Distinct brain responses to psilocybin and escitalopram in depression captured by the Fluctuation-Dissipation Theorem

Major depressive disorder is described as a highly burdensome and heterogeneous condition, and the authors note that existing antidepressants such as SSRIs, including escitalopram, often have only modest efficacy, limited adherence, relapse, and side effects. Against this backdrop, psilocybin has emerged as a candidate treatment, but the brain mechanisms underlying its effects, and how these compare with conventional antidepressants, remain incompletely understood. Previous fMRI research has mainly examined the acute psychedelic phase, often in healthy participants, leaving uncertainty about post-acute effects in depression and about how changes in brain organisation relate to different treatments.
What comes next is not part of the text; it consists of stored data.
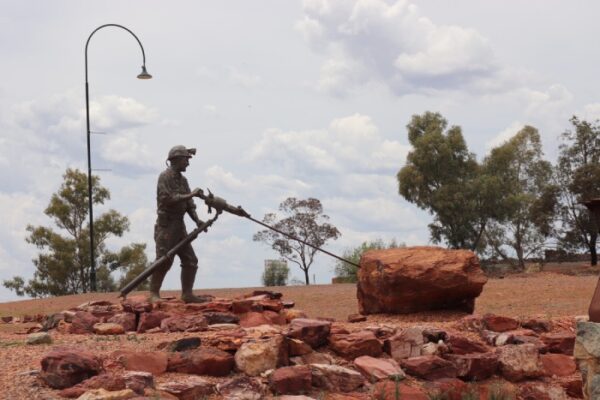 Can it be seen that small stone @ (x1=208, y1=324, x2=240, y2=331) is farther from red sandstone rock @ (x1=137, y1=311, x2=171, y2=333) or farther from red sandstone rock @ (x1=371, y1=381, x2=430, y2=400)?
red sandstone rock @ (x1=371, y1=381, x2=430, y2=400)

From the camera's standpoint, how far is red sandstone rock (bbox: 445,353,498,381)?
354 inches

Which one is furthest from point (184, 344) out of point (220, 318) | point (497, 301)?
point (497, 301)

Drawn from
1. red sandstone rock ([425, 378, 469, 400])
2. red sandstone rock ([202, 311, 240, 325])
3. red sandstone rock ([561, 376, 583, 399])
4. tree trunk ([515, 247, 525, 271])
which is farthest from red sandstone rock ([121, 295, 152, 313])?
tree trunk ([515, 247, 525, 271])

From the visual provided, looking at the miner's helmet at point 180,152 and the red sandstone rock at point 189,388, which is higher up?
the miner's helmet at point 180,152

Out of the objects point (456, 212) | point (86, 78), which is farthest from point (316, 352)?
point (456, 212)

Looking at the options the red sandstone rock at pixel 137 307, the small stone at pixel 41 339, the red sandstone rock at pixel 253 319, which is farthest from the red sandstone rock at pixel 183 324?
the small stone at pixel 41 339

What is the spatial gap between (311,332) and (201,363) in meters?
1.39

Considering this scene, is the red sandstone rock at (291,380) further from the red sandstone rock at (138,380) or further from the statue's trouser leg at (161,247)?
the statue's trouser leg at (161,247)

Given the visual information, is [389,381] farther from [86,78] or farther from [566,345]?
[86,78]

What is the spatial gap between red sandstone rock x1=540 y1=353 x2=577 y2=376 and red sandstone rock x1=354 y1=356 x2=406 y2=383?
189 cm

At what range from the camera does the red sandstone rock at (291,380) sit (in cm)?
787

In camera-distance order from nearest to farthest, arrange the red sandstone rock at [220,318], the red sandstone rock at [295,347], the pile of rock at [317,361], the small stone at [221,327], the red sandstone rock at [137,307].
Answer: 1. the pile of rock at [317,361]
2. the red sandstone rock at [295,347]
3. the small stone at [221,327]
4. the red sandstone rock at [220,318]
5. the red sandstone rock at [137,307]

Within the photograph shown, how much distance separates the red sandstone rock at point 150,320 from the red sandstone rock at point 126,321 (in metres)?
0.17


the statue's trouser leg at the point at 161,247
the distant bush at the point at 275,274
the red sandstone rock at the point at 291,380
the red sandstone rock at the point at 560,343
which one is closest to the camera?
the red sandstone rock at the point at 291,380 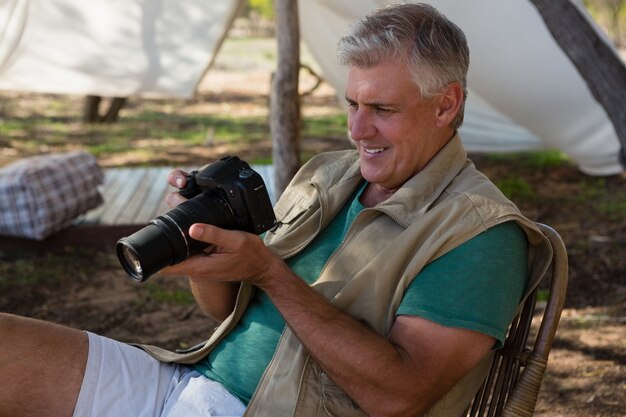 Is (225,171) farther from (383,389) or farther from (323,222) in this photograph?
(383,389)

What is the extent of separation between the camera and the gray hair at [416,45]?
6.13 feet

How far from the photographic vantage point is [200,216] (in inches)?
68.0

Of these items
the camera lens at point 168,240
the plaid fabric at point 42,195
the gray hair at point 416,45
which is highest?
the gray hair at point 416,45

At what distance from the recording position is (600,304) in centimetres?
416

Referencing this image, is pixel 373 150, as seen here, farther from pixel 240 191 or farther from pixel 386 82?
pixel 240 191

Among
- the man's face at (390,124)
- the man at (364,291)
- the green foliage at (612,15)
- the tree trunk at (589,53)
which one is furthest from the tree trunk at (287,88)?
the green foliage at (612,15)

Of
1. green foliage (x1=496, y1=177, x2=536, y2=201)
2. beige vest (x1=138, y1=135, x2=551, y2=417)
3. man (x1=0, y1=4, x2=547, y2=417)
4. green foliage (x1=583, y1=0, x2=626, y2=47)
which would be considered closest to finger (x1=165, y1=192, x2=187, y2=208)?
man (x1=0, y1=4, x2=547, y2=417)

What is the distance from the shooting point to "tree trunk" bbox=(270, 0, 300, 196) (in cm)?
488

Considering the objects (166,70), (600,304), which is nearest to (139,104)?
(166,70)

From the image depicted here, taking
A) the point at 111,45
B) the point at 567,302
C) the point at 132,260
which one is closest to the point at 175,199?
the point at 132,260

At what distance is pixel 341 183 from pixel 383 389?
59 centimetres

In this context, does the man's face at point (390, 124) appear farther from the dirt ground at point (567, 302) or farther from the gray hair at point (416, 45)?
the dirt ground at point (567, 302)

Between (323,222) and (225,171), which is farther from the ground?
(225,171)

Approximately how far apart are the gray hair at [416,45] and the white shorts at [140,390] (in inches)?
30.6
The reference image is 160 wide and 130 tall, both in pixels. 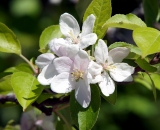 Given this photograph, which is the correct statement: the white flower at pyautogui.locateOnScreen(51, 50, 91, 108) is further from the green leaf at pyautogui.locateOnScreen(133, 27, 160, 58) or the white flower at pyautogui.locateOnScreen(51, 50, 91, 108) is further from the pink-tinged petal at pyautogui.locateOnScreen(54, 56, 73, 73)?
the green leaf at pyautogui.locateOnScreen(133, 27, 160, 58)

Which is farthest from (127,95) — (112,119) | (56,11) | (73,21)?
(73,21)

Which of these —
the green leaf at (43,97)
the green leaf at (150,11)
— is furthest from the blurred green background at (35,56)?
the green leaf at (43,97)

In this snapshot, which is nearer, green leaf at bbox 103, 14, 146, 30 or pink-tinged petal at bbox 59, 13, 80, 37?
green leaf at bbox 103, 14, 146, 30

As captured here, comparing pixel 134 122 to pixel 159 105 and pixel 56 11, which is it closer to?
pixel 159 105

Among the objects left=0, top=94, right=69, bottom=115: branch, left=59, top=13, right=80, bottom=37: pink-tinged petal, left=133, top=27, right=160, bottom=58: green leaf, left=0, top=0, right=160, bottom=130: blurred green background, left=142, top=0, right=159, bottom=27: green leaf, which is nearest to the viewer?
left=133, top=27, right=160, bottom=58: green leaf

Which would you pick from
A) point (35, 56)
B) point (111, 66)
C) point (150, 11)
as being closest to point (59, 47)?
point (111, 66)

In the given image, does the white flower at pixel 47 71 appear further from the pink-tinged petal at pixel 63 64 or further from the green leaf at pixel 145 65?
the green leaf at pixel 145 65

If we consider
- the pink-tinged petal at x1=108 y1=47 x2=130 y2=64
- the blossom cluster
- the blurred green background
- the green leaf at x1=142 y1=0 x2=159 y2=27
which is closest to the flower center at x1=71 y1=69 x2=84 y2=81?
the blossom cluster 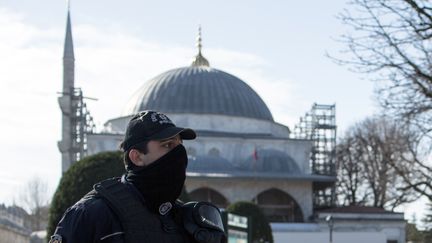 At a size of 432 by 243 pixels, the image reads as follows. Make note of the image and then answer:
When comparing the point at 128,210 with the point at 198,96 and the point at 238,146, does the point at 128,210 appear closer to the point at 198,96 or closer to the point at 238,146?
the point at 238,146

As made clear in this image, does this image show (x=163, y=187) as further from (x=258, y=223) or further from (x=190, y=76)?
(x=190, y=76)

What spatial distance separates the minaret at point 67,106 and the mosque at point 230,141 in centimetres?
7

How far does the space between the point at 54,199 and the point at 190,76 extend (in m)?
47.1

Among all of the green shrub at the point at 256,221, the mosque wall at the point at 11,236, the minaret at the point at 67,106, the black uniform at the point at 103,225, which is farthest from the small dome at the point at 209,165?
the black uniform at the point at 103,225

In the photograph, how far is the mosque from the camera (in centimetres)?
5672

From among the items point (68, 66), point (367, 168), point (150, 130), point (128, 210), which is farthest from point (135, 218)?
point (68, 66)

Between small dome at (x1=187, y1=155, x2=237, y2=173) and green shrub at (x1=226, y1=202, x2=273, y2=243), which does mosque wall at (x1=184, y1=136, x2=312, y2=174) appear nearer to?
small dome at (x1=187, y1=155, x2=237, y2=173)

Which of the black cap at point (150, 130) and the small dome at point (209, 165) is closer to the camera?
the black cap at point (150, 130)

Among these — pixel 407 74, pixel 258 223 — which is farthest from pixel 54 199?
pixel 258 223

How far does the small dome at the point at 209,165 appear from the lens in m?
56.1

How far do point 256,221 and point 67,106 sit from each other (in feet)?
106

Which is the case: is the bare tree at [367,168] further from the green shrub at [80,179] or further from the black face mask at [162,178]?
the black face mask at [162,178]

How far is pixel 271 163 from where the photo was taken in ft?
190

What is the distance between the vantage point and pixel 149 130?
3439 mm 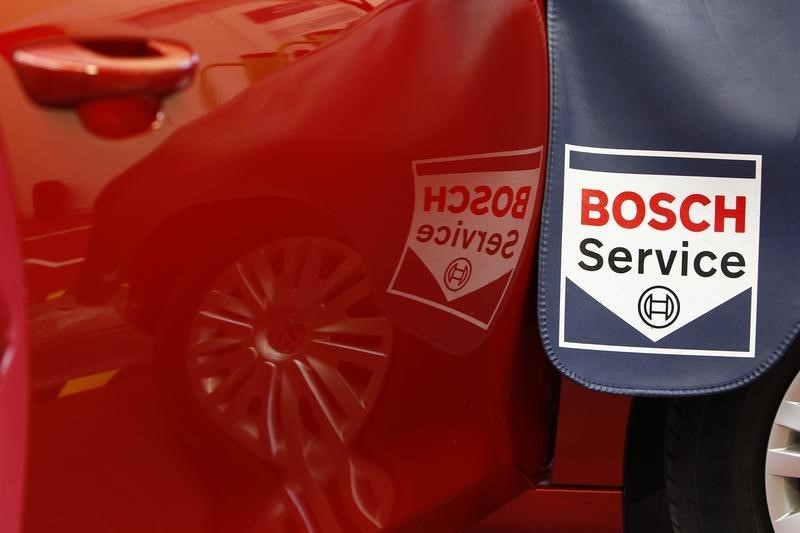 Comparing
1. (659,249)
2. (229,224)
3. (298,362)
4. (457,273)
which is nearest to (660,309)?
(659,249)

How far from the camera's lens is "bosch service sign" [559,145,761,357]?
150 centimetres

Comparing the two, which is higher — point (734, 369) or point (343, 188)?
point (343, 188)

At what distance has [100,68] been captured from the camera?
117cm

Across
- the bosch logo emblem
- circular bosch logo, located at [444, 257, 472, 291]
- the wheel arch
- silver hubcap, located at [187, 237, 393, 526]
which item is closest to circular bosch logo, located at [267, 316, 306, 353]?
silver hubcap, located at [187, 237, 393, 526]

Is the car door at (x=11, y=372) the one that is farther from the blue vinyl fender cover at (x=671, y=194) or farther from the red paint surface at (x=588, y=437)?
the red paint surface at (x=588, y=437)

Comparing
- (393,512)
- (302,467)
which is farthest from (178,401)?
(393,512)

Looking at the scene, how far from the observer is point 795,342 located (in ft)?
5.42

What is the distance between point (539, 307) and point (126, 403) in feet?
1.93

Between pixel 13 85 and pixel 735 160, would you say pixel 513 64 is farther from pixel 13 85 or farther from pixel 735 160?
pixel 13 85

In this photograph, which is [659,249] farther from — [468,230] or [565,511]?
[565,511]

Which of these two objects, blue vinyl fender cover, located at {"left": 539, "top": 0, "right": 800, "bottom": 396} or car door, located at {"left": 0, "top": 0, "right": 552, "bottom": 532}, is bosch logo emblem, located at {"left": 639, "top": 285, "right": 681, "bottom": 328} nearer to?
blue vinyl fender cover, located at {"left": 539, "top": 0, "right": 800, "bottom": 396}

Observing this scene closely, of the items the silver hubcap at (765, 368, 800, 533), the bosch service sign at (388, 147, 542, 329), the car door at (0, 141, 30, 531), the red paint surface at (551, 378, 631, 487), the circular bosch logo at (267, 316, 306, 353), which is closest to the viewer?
the car door at (0, 141, 30, 531)

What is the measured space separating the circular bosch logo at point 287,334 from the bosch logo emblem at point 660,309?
0.49m

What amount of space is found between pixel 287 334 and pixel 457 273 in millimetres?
278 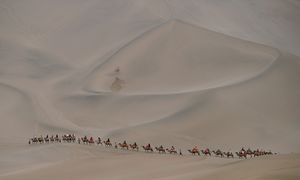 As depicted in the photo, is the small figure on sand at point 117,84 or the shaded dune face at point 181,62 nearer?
the shaded dune face at point 181,62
Dagnino and colleagues set out to compare psilocybin and escitalopram in patients with major depressive disorder by examining whole-brain hierarchy and non-equilibrium dynamics through a thermodynamic framework based on violations of the Fluctuation-Dissipation Theorem (FDT). They aimed to determine whether the two interventions produce distinct brain reconfigurations after treatment, whether these effects can be measured at whole-brain and regional levels, and whether baseline brain measures relate to clinical response. The paper is presented as an analysis of data from a double-blind randomised controlled trial.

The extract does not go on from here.